Sometimes Christopher invited his friends over and entertained them with Aimes prostitutes and coke. Sometimes he hired several and kept them to himself. Sometimes he enlisted a prostitute just to sit around with him and do drugs. “Except for Kelli, they were all doing drugs,” he says. “They were addicted to the money, the attention, and the cocaine. It was a trap for all of us.” More and more, Christopher found himself staying up all night with Bunch’s girls. “We were binging on sex, alcohol, and drugs,” he says, “and it was this wretched downward spiral we couldn’t figure out how to stop. There would come a certain point when the meter would cut off, so to speak. But they’d stay over anyway. It was safe, and they didn’t want to come down alone. They’d talk about the depravity of it all, and they’d start crying, and I couldn’t see having sex with them again because, through the pain, we had gotten too close.”

Christopher stopped calling Bunch’s number and went into drug and alcohol treatment. But Bunch would not let one of his most lucrative clients off that easily. He began to phone Christopher at his office. He sent him letters that described the beautiful new prostitute he had enlisted recently. When all that failed, Bunch began to drop packets of free cocaine through Christopher’s mail slot.

By January 1994, Christopher was back on the active client list.

Throughout his management of Aimes Escorts, Jim Bunch continued to perform his work at the Department of Human Services with his customary efficiency and attention to detail. But Bunch crossed the line he had drawn between his two lives, and that would prove to be fatal.

Though he had told no one at Aimes, Bunch kept client and staff lists on his office computer. He made frequent calls to his girls and customers from his DHS cubicle. “He was outrageously open,” says one of Bunch’s friends. “People could walk right by, see him counting money, and hear him talking about prostitutes over the phone.”

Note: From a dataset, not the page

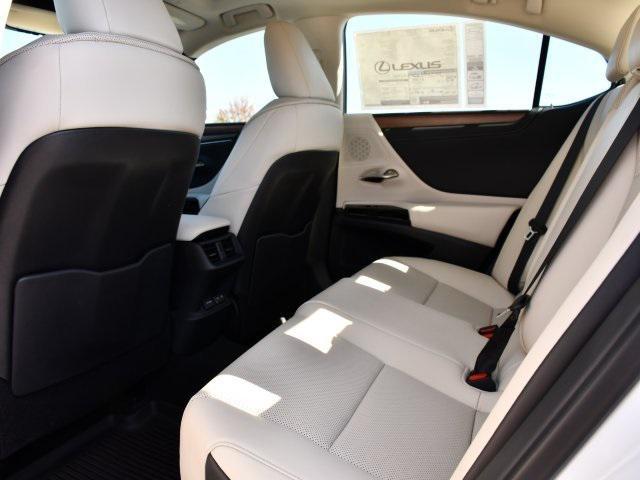 new 2025 Lexus ES 350 car, priced at $47,562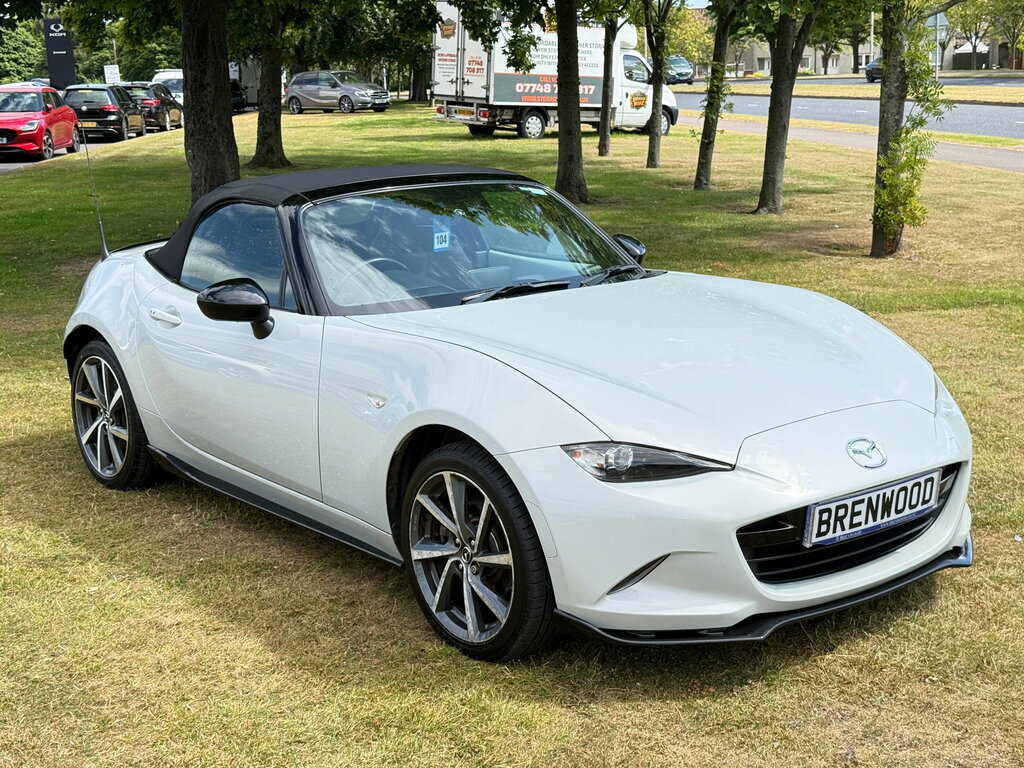 Mazda MX-5 2.0 Skyactiv-g Sport Recaro Convertible Silver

Perhaps the dual pressures of trying to increase profits at Aimes and maintaining a double life were getting to Bunch. Though he hid his moodiness from his family, he was showing signs of chronic depression. He spent much of his free time in bed, in the dark, eating chocolate bars while watching two television screens. He hit on the girls frequently, as male escort-service owners often do, but the prostitutes could see that he was not so much sexually driven as lonely. As he had written, sex did make the world go around, but perhaps Jim Bunch was tiring of a hollow world that spun endlessly.

At the beginning of February, Bunch decided to sell the business. He had received an offer of $25,000 from a former professional football player but decided instead to give the list to one of his girls. Bunch visited an accounting firm in order to assess to escort service’s tax situation. He then asked the girl he had selected as his successor to sign a letter that he would forward to the phone company, verifying the transfer of the Aimes Escorts phone line. That letter was faxed to Bunch’s office on February 14, 1994.

Bunch did not know that the fax was intercepted by DHS investigators, who had been monitoring him for several weeks. He did not know that one of his co-workers, apparently disturbed by his arrogant flaunting of his moonlighting job, had reported him to the investigators. Nor did Bunch know that two computer diskettes on his desk, containing staff directories, client lists, advertising follow-up letters, and erotic correspondence, had been copied and thoroughly perused by state officials. All of this explains why Jim Bunch looked bewildered when vice squad officers dragged him out of bed on the morning of February 15, searched his house, confiscated numerous boxes of evidence, and led him away handcuffed and shirtless to the police station, where waiting DHS officials informed him that his 23-year career was being terminated on the grounds of official misconduct.